** The task **
Reproduction of part of the material below, pictures omitted: copy exactly, and only, the lines starting with the one with "MAZE PUZZLES" and going on through the one with "Epipremnum pinnatum 'Global Green'".

** Given information **
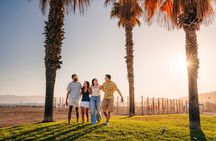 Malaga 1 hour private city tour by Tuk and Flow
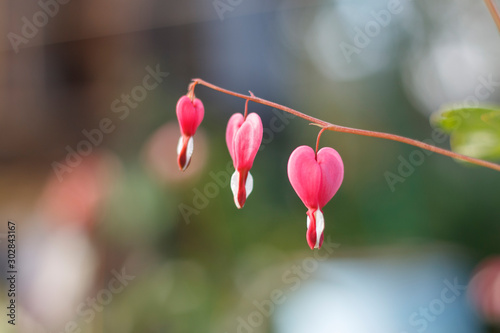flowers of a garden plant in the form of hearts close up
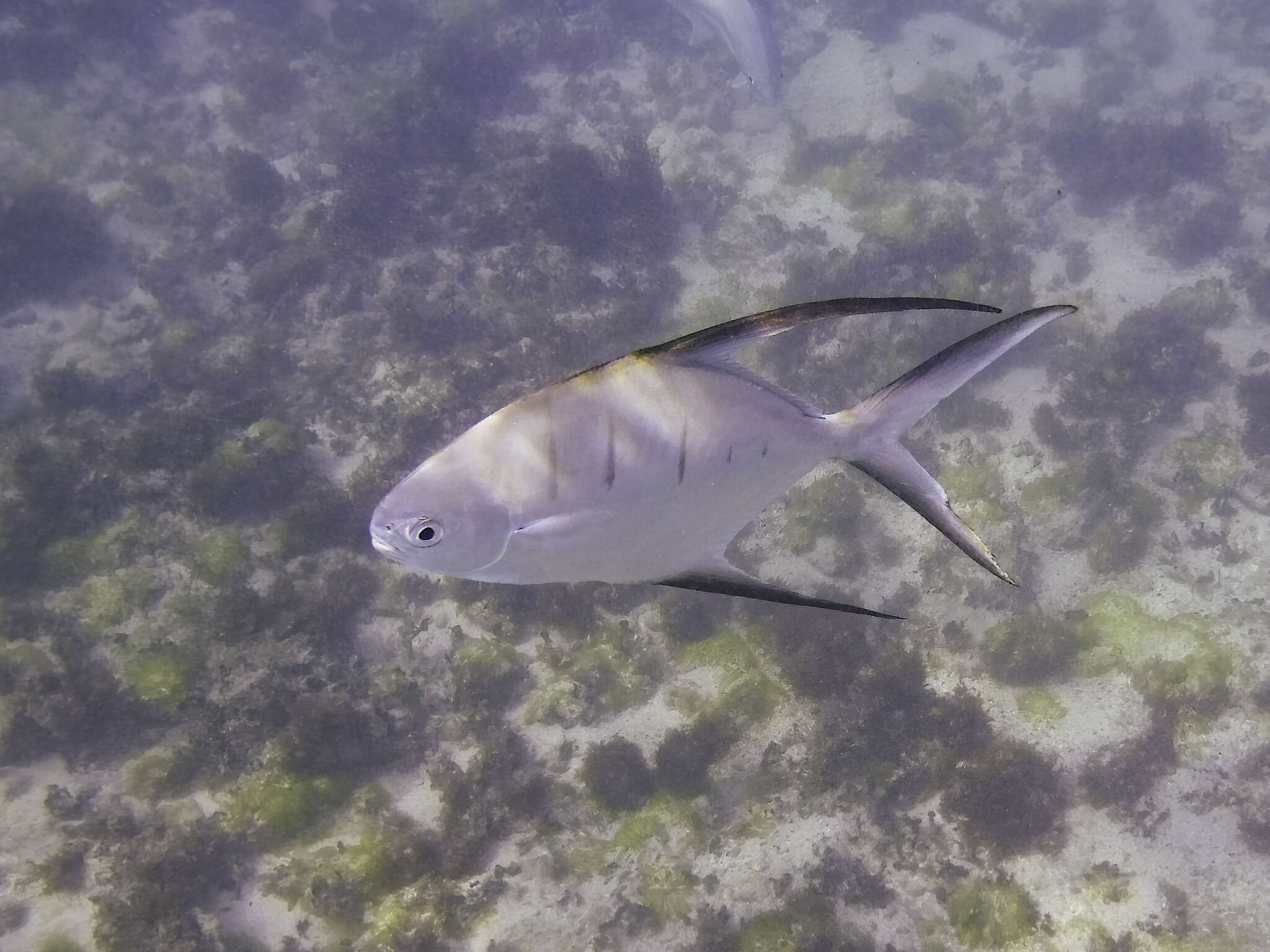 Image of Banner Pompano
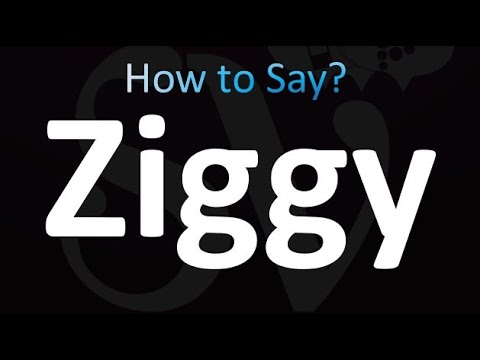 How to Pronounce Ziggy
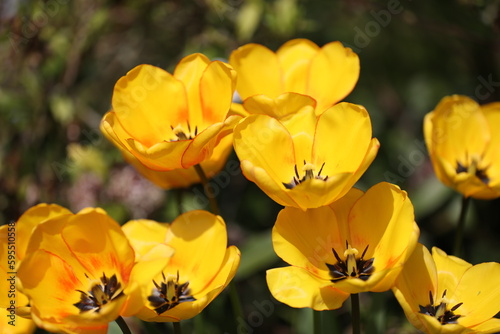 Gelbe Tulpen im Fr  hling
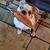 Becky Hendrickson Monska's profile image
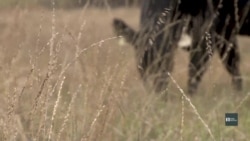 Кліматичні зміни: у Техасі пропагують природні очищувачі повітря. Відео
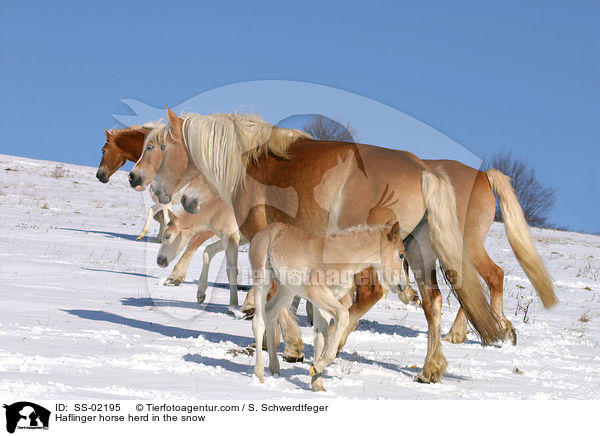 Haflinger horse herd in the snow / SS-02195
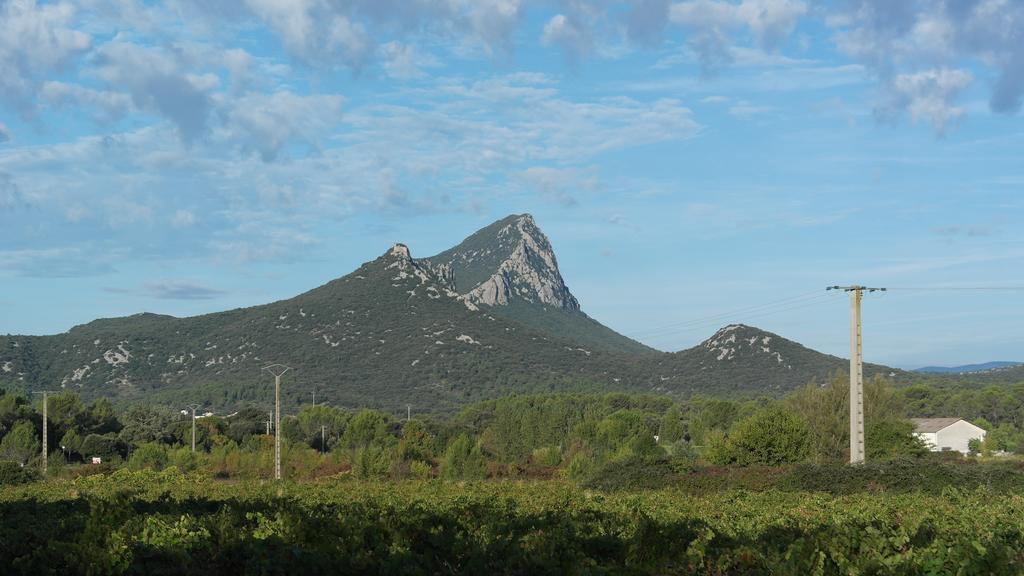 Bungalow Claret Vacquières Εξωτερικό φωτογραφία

--

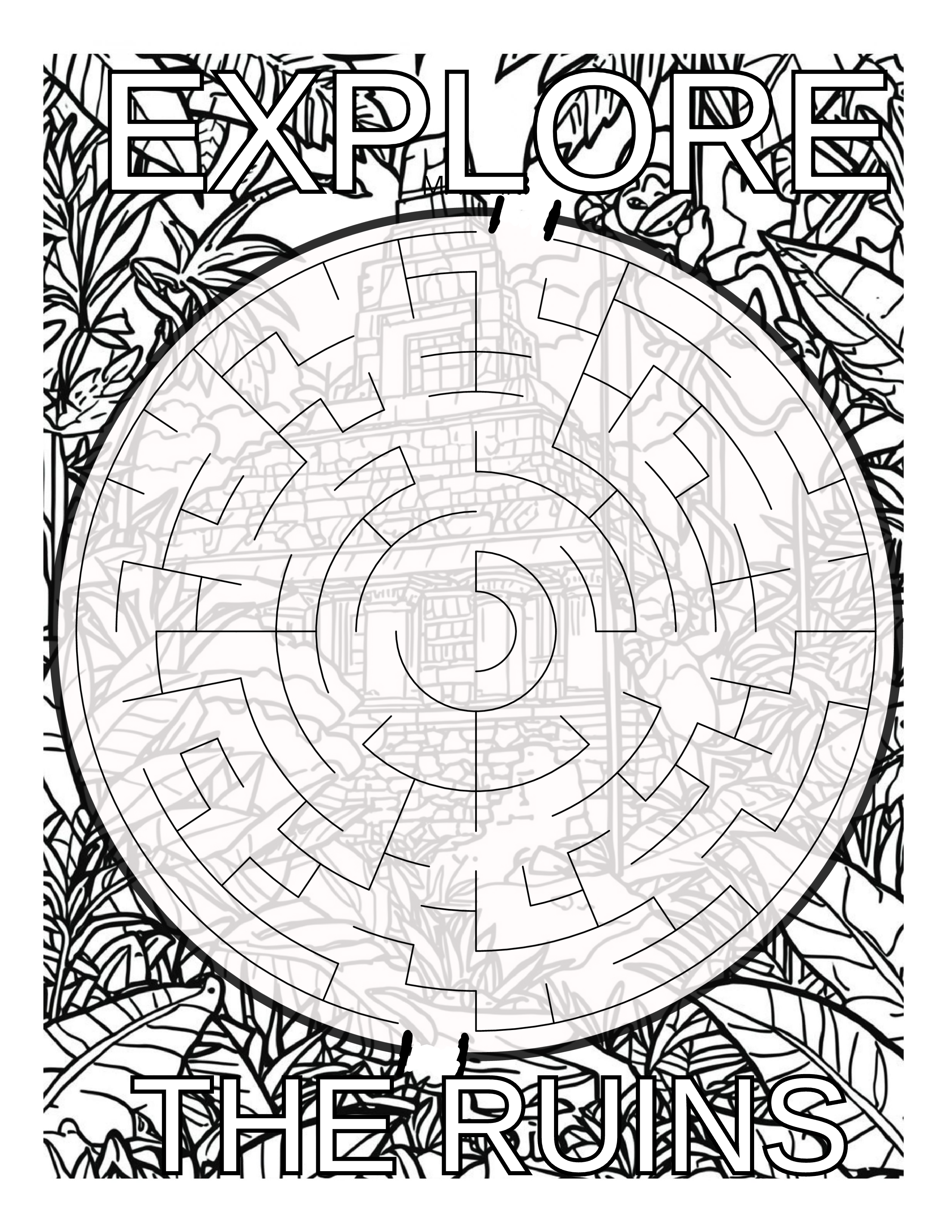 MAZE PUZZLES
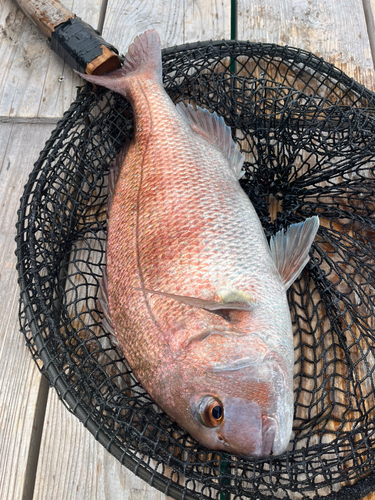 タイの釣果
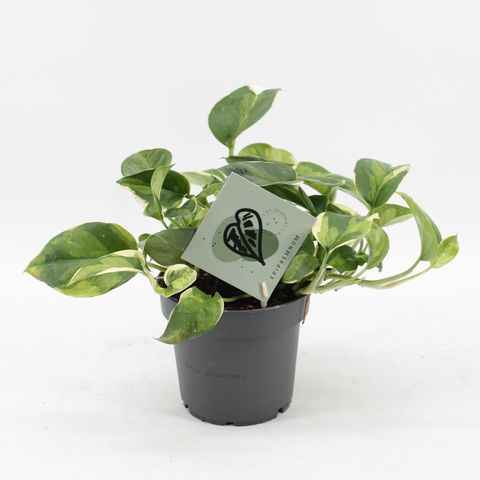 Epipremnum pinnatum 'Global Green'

** Response below **
 MAZE PUZZLES
 タイの釣果
 Epipremnum pinnatum 'Global Green'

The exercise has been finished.